The representative paired T and NT samples of RNA from six different tissues (pancreas, large intestine, prostate, kidney, EEC with paired tissue samples, and HGSC with paired tissue samples) were prepared similarly as described by Walker et al.28 using the standard KAPA RNA HyperPrep kit, enriched by the SeqCap protocol (Roche) by using a 257 kbp panel of gene targets (NimbleGen, Roche)17. The data was analysed by CLC Genomics Workbench v.21.0.3. software (Qiagen) by a standard RNA analysis pipeline. The mapped data was manually analysed in IGV (Broad Institute)29, and the identified splicing reads (reads which started in one exon and ended in another) were recalculated in the same way as the data from ddPCR—as a percentage of the overall HNF1B expression (overall HNF1B expression was calculated as the sum of splicing reads of the full-length exon 3 variant and the 3p variant).

TCGA SpliceSeq data

The TCGA SpliceSeq20 (https://bioinformatics.mdanderson.org/TCGASpliceSeq) HNF1B data (based on whole transcriptome RNA-Seq approach) from colon adenocarcinoma (COAD), kidney renal clear cell carcinoma (KIRC) and prostate adenocarcinoma (PRAD) datasets together with their paired NT tissue samples was downloaded directly from TCGAss download page. Non-paired T samples and samples without detected ASV 3p expression (which is considered ubiquitous) were filtered out. The PSI values (percent splice in; percent of transcripts where the exon or variant is present) were recalculated as 100% – PSI which corresponds to a percentage where the variant is missing. Altogether paired T and NT samples of large intestine (COAD; N = 33); kidney (KIRC; N = 57) and prostate (PRAD; N = 38) datasets were further analysed. Downloaded data lacked variant Δ7, as a single exon skipping between exons 6 and 8. This variant was detected only in fraction of TCGA samples as the web viewer showed. In TCGAss, another variant 7 is present, but its expression is related to the exon 6–9 splice junction as skipped exon 7 together with skipped exon 7–8 variant.
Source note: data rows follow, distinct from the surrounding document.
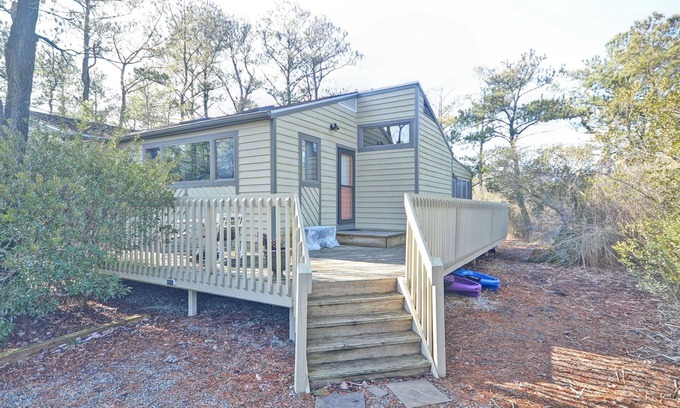 Bethany Beach Cottage | Quaint Beach House à distance de marche de Bethany Beach
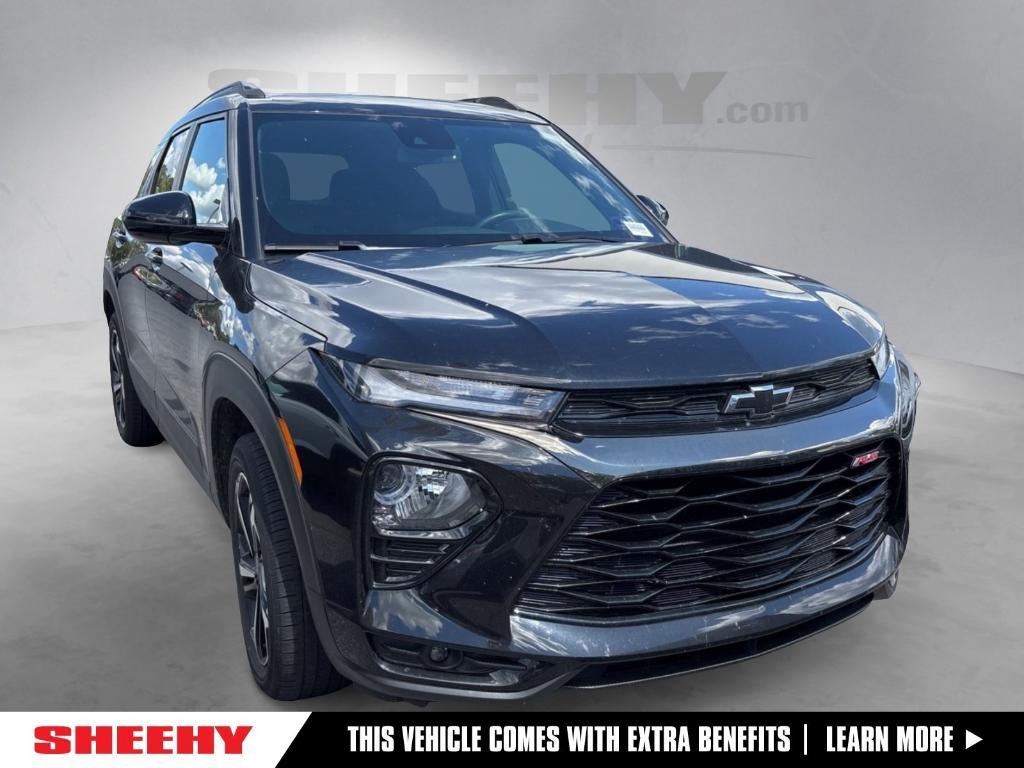 used 2022 Chevrolet TrailBlazer car, priced at $24,104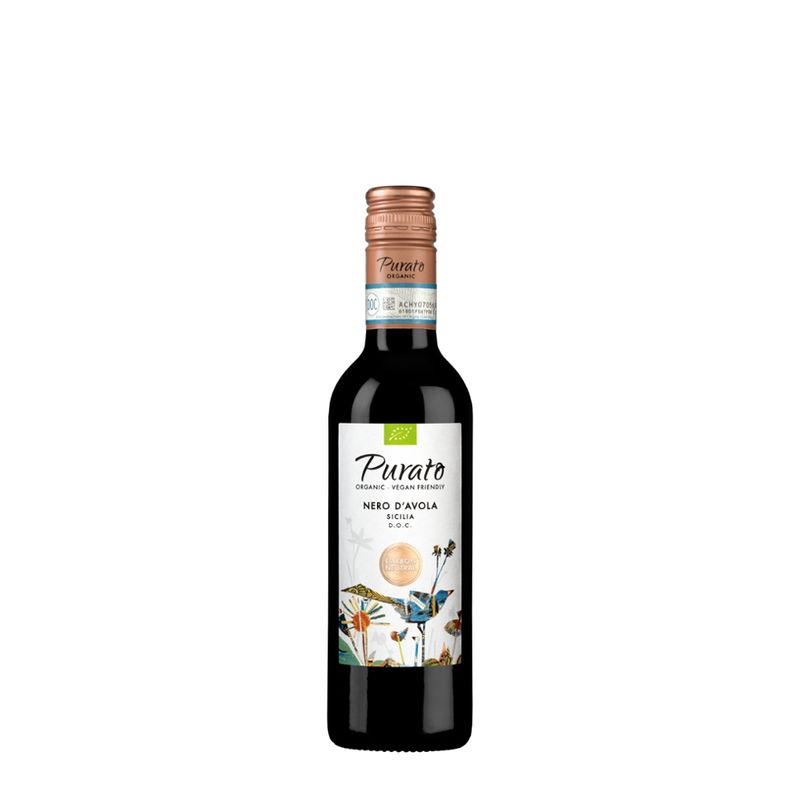 Purato Purato Nero D'Avola Sicilia DOC BIO - Produktbild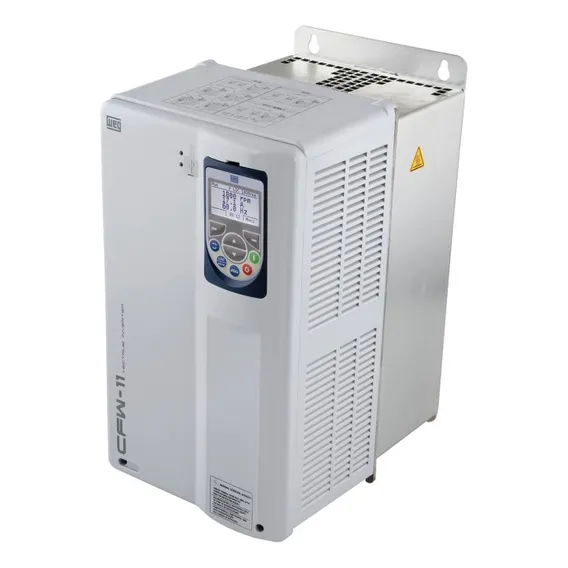 WEG CFW110070T2SZ inversor de frequĂȘncia 70a 25cv 220V trifĂĄsico Foto 1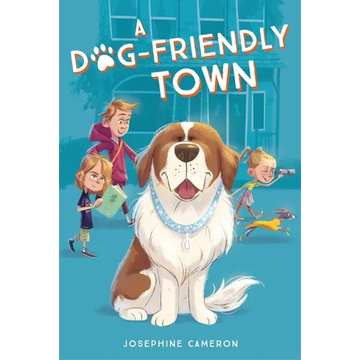 A Dog-Friendly Town - Paperback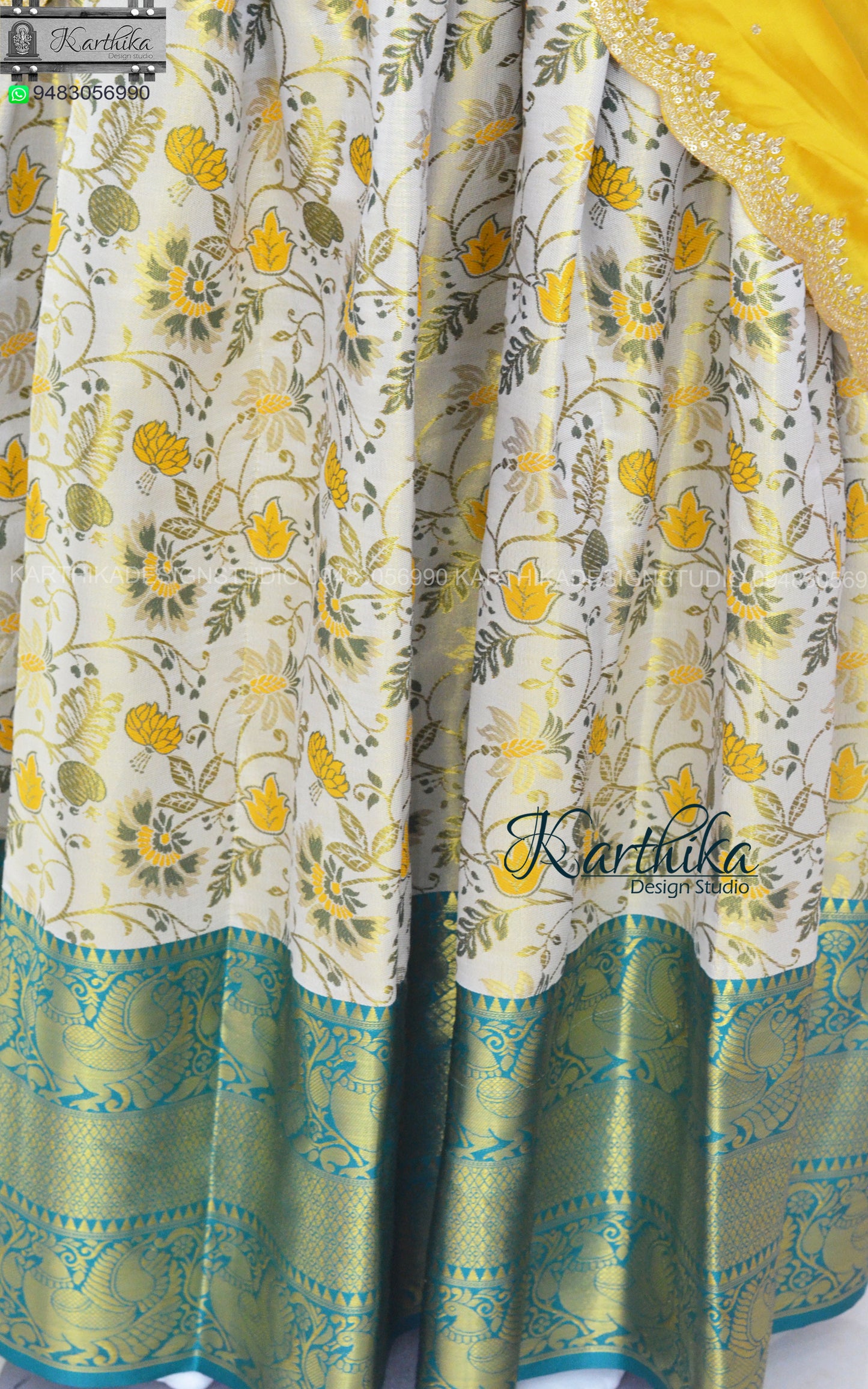 Kanchi silk langa voni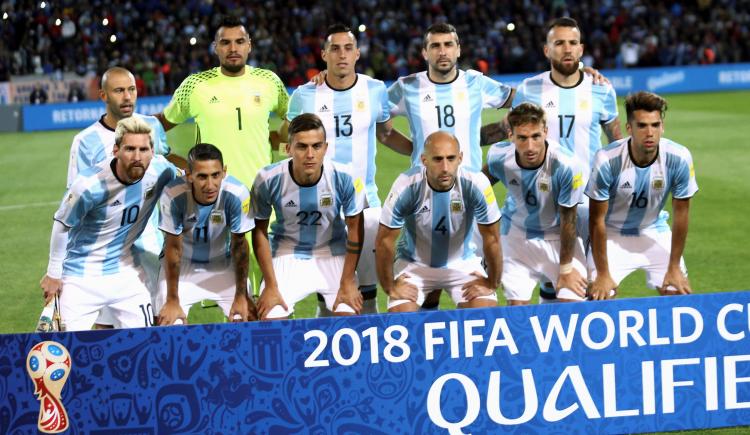 Imagen de Argentina sigue liderando el ranking FIFA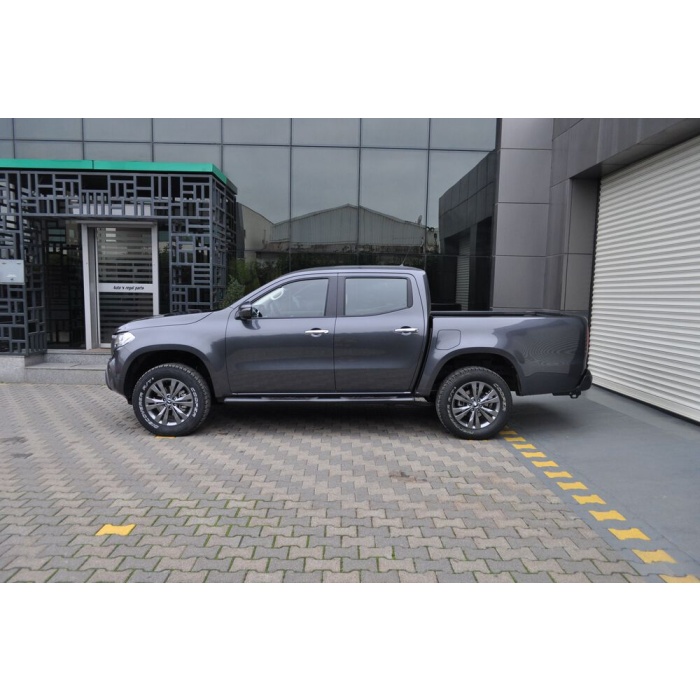 Praguri laterale Mercedes X-Class 2017+ - ARP PREMIUM Negru - imagine 5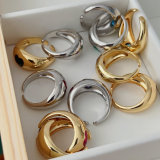 pave heart zircon ring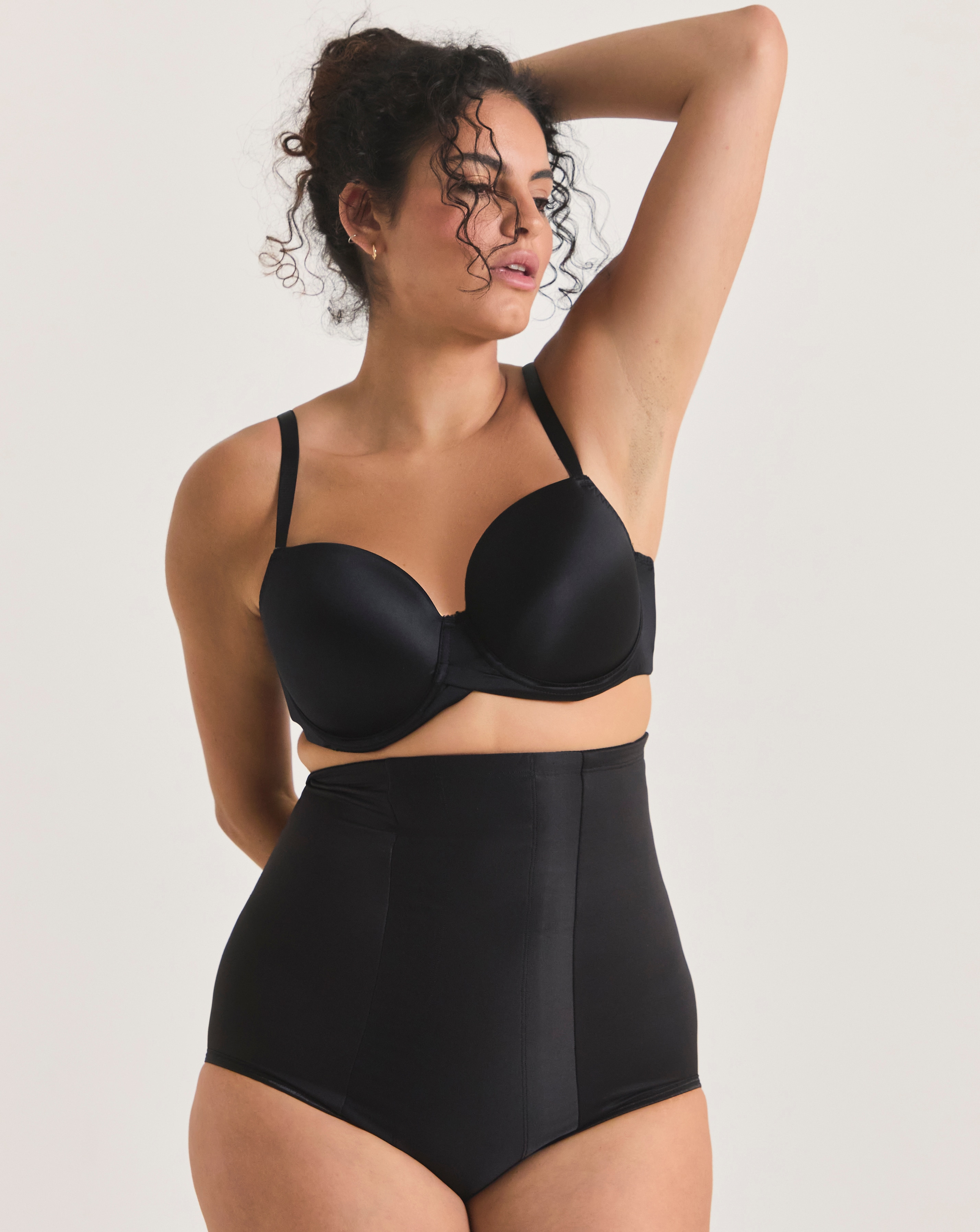 Miraclesuit Classic Hi Waist Briefs - Black - Size M - Women's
This calculation is not compliant with our approach and therefore we skipped this variant for further comparison.

Database information

The information about the HNF1B transcripts was obtained from the RefSeq database as of April 30, 2021, where the spectrum of the fully characterized and predicted HNF1B transcripts was wider in comparison to the Ensembl database. The general information about the HNF1B mRNA expression in a variety of human tissues, as well as other used reference genes for mRNA expression, was obtained from the GTEx Portal database7.